The importance of ideas, in the Civilisations, is attested by the importance of their gods (and goddesses). But ideas are always part-myth, and when we have seen through a myth, we can no longer believe it. At present, having disposed of both Jesus and Marx as gods, we are bereft of myths we can believe in. We are godless, not because we don't want gods - we do need them - but because we can't find any.
Only the diehard could see Germaine Greer as a goddess; she herself admits to being more like a eunuch (because, she said, hysterectomy is like castration). But, as, historically, the idea that God is a woman - the Earth Mother - preceded the idea that God is a man - the Sky Father, in "heaven"; so, historically, the idea of God as male, a father in Heaven, seems to be passing. We will have to come up with a new concept of God.
Even more significant than the loss of "godly" status by Jesus and Marx, is the loss of "godly" status by the Devil. For the Devil, in Christianity and Islam, is very much a God; only the equal of God could battle God. The Civilisations' polytheism comprised gods and goddesses who were like people, not wholly "good" or wholly "bad", even though enemies may have always been depicted as "bad" during time of war. The idea that the universe is based on antagonistic polarity, a cosmic struggle between a good pole and a bad pole, began with the Zoroastrian religion of about 1500BC. It may have inspired the conquests of the Persian empire, as it later inspired the conquests of Islam and Christianity, and more recently has inspired the Cold War and the radical feminists' Sex War. For the Devil has always been identified with one's enemies. As the West has ceased to believe in the Devil, Christianity has crumbled. The attempt to secularise the Church has led to it becoming something akin to the Communist Party, attacking the "Western Civilisation" that the Church itself had earlier underpinned, when it believed in the Devil.

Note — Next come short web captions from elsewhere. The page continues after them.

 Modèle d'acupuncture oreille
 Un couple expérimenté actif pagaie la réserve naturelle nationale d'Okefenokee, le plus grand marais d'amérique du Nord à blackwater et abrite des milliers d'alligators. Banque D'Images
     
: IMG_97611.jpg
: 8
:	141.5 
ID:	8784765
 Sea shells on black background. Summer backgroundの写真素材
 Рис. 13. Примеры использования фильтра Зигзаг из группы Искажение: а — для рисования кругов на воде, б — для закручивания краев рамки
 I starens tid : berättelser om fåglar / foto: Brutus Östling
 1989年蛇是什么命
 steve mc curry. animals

For 2000 years the West has lived with the idea that the course of history is predetermined, in the hands of a knowing and powerful God who would triumph over evil. Even the Marxist movement drew upon this idea of a higher power, predicting the defeat of evil, calling on the disciples to "help bring about the inevitable". The certainty of victory encouraged the faithful. But now this idea is fading, and the future is being seen as neither guided by God nor in the power of some benevolent Humanity. If it is not in the hands of angels or UFOs, then it must be in our hands - and we are finite and untrustworthy. How can we face an open future?

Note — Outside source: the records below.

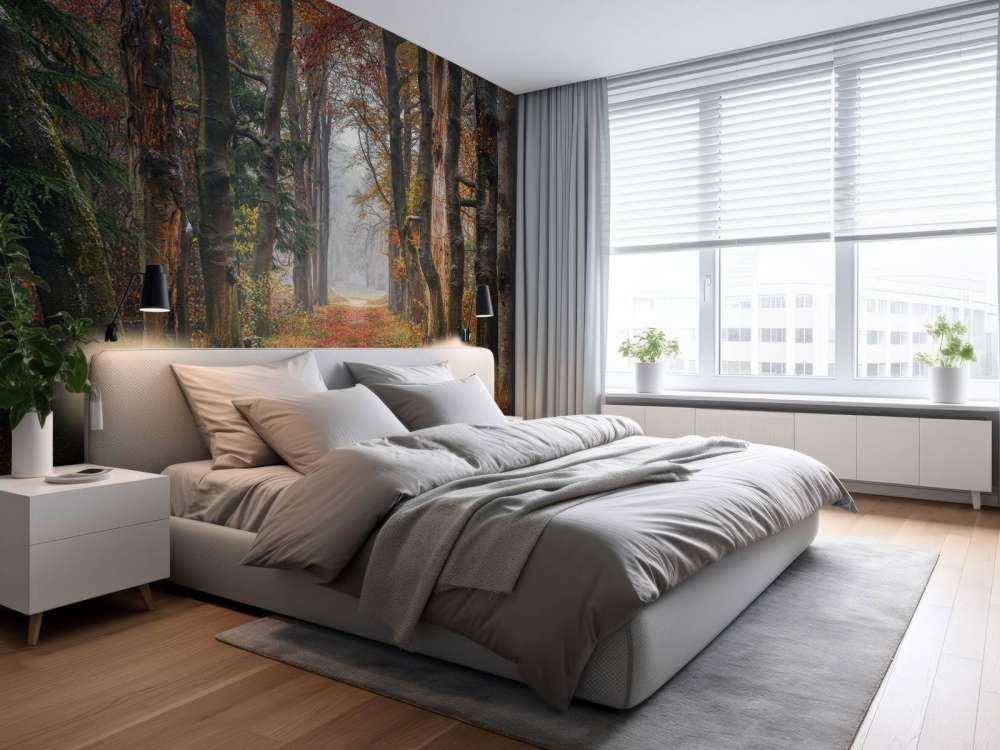 Chemin forestier avec de vieux arbres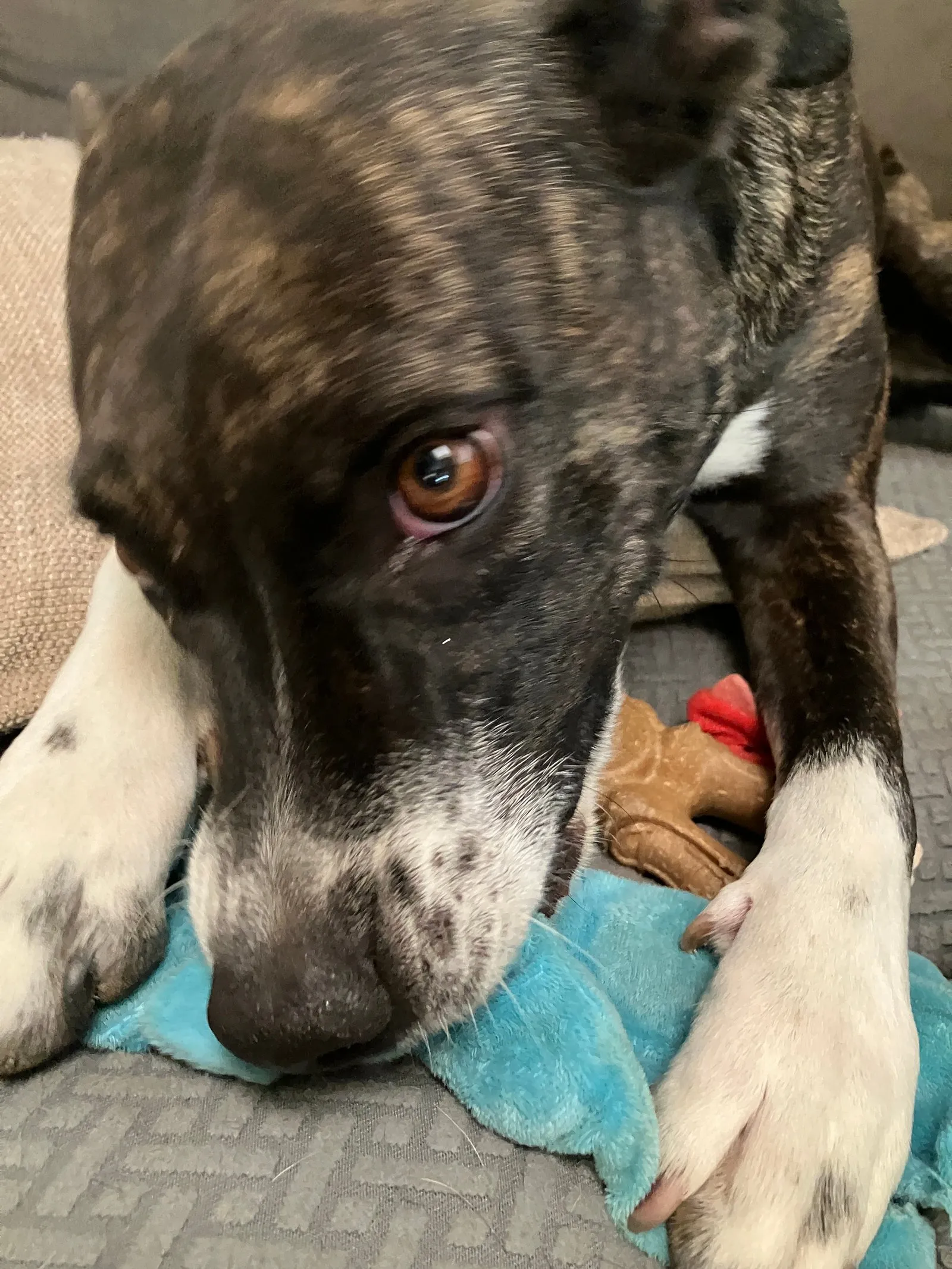 Mia attempting to remove the squeaker.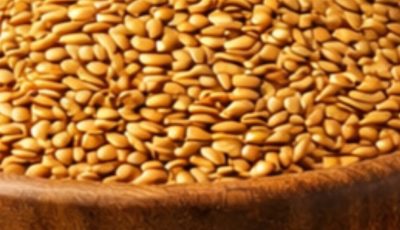 Alpiste: The Miracle Seed of Nature (Benefits, Uses, and How to Consume It
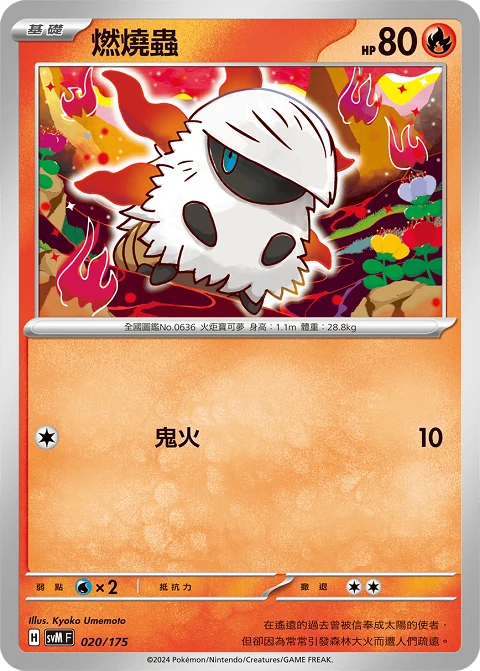燃燒蟲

The mining industry was begun by aboriginal tribes looking for ochre, flints etc. Mining for metals, by the Ancient Civilisations, was done by ship, with regular ocean trips lasting up to 3 years (e.g. see 1 Kings 10:22). Such expeditions seem to have reached the New World millenia before Columbus (see Cyrus Gordon, Before Columbus; Jim Bailey, The God-Kings & the Titans, and Sailing to Paradise), and the very same sites are being mined today. Today, however, the quantities being extracted are so great, and at depths to 2 kilometres down, that no further civilisation will be able to follow in our tracks, because we will have taken it all; they will have to mine the oceans, moon, asteroids and planets. No civilisation has ever intentionally left some for future peoples. The Green proponents of Social Responsibility urge us to consume less, to shrink our economy, but Green voters are mainly middle-class white-collar residents of big cities, relatively affluent and relatively unaffected by the sacrifices they call on the lower orders to make. Who will embrace Voluntry Poverty, as Ivan Illich advocated, when they realise that it entails Voluntary Powerlessness?